▸ EXERCISE GOAL:
Find the line holding "20 Ruby Street, Kitchener, ON" in the entries below. Give it again exactly, along with every line after it up to and including the line holding "appartamento in vendita".

▸ PROVIDED ENTRIES:
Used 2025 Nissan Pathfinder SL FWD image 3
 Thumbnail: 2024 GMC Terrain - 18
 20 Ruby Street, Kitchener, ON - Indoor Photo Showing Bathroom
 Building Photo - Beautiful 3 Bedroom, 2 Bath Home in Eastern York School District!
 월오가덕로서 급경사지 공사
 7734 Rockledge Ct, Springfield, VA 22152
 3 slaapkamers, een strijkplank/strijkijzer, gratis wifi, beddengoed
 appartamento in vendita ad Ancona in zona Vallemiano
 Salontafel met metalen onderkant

▸ TASK RESPONSE:
 20 Ruby Street, Kitchener, ON - Indoor Photo Showing Bathroom
 Building Photo - Beautiful 3 Bedroom, 2 Bath Home in Eastern York School District!
 월오가덕로서 급경사지 공사
 7734 Rockledge Ct, Springfield, VA 22152
 3 slaapkamers, een strijkplank/strijkijzer, gratis wifi, beddengoed
 appartamento in vendita ad Ancona in zona Vallemiano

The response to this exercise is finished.